Not every church has a video camera taping the service, but if they do, try to get on. It's always nice to have your meet & defeat victory recorded for posterity. You know, something to show your grandkids someday.
6. Small churches, big fun.
If you go to a small church, less than 100 folks or so, the meet & defeat game is a little different. It's less about quantity and more about quality. Focus on shaking the hand of every visitor. Since you'll know most of the people you go to church with, a cool benefit of a smaller congregation, it won't be difficult to identify who is new. Bear in mind, you shouldn't have to climb over pews to shake their hand. You lose points for each visitor you terrify.
7. If you tie, go to overtime.
Sometimes, when two professionals go to the same church, there are going to be ties. You shook 12 hands and so did the lady across from you. Time for a tiebreaker. At the end of service, when you are all dismissed, hold your own impromptu meet & greet. The awkwardness is cranked up a notch as you frantically shake hands with people that are trying to get to the parking lot or go to lunch. Good times.

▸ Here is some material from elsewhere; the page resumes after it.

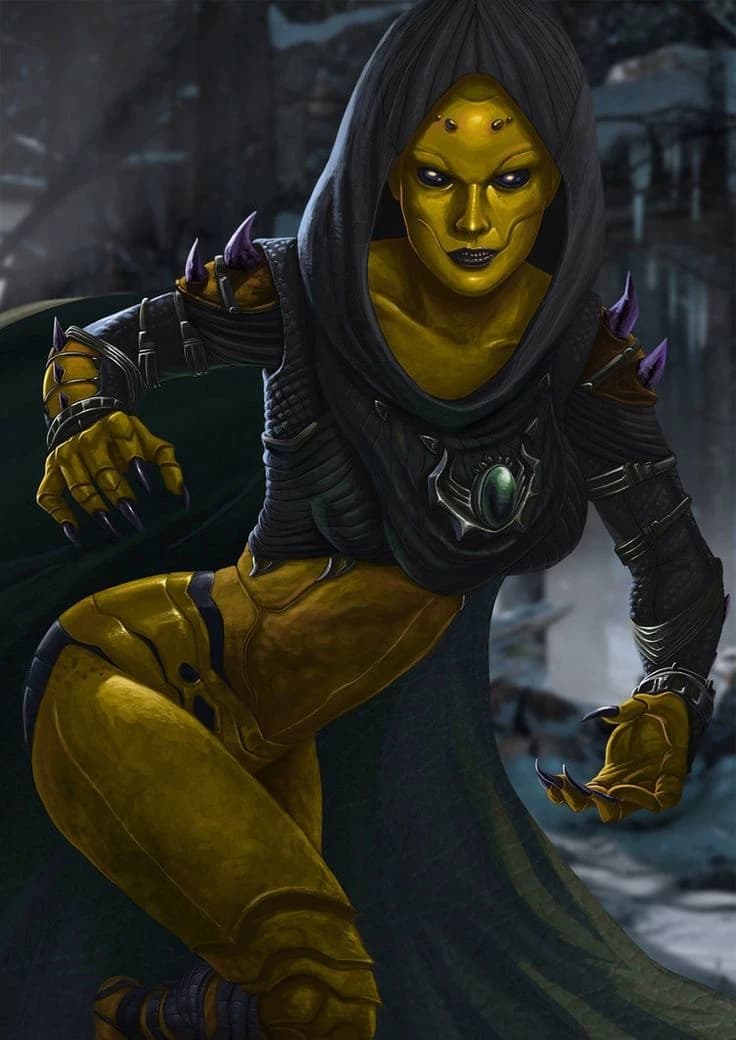 D'vorah thumbnail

A lot of people will tell you that it's good to do things like spiking the offering plate on the ground to distract your opponent. Others suggest letting a live badger lose in the sanctuary to cause pandemonium so that you can slap everyone's back in a friendly manner as they try to avoid the claws and teeth and fury of the badger. Not me, I'm a purist. I play for the love of the game. And I hope you will too.
Monday, August 11, 2008
Subscribe to:
Post Comments (Atom)

59 comments:
Last night Michael Phelps won the gold in the Meet and Greet without even being at church! Man, he's good.

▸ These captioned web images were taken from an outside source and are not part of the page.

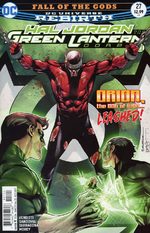 Green Lantern Rebirth # 27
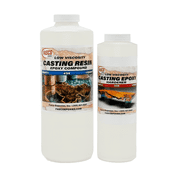 Casting Epoxy Resin - 3 Pint Kit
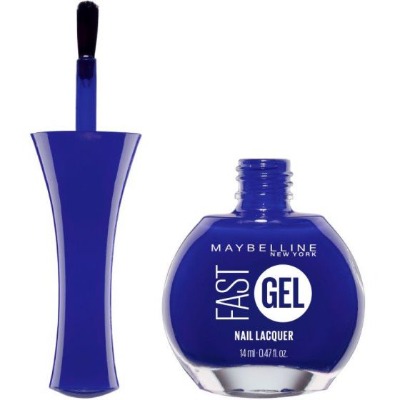 Mabelline Fast Gel Nail Laquer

That was so funny. I could just picture you running around your church doing this. Thanks for the laughs.
Sure, the bulletin may say "Time of Greeting", but a more accurate name for this worship service segment has been used by our church's keyboardist for some time now: "The Stampede".

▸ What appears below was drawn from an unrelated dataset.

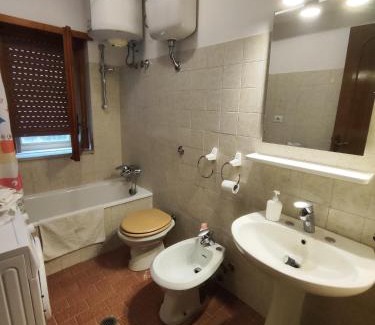 Scanno Apartment | Appartamento l'ara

I'm sorry. I have to do this.
"They'll be so focused on not getting sick they won't notice that YOU'RE ten hands deep until it's too late."
Continue.
Wow, I really am a total crankypants, because I always approach meet and greets with the goal of shaking as few hands as possible. I think three is the minimum if you don't want to appear too hostile and unfriendly.
As regards to #6, this has totally happened to me. I was checking out a pretty small church and I got totally bum rushed. Like, one of the elders literally ran down the aisle to shake my hand. Freaked. Me. Out. I never went back, though it seemed like a nice congregation.
Also, there's this dreaded dead zone a person can fall into, where everyone around you has planned their handshaking, and for some reason, no one has included you. So you're just caught in this web of shaking hands, turning 'round and 'round, looking for someone, anyone, to shake your freaking hand.
Yeah, I could do without the meet and greet.
I'll shake a hand or two when forced and then I'll sit down and pretend to be reading the bulletin.
Two weeks ago, my pastor shook hands from the pulpit to the back of the sanctuary. And this is a church sanctuary that holds 2200. So he made some 40-45 rows, pre-service. He didn't even care that the service had started. Wow, he's a rebel. His name? Ed Stetzer. And now you know, the rest of the story.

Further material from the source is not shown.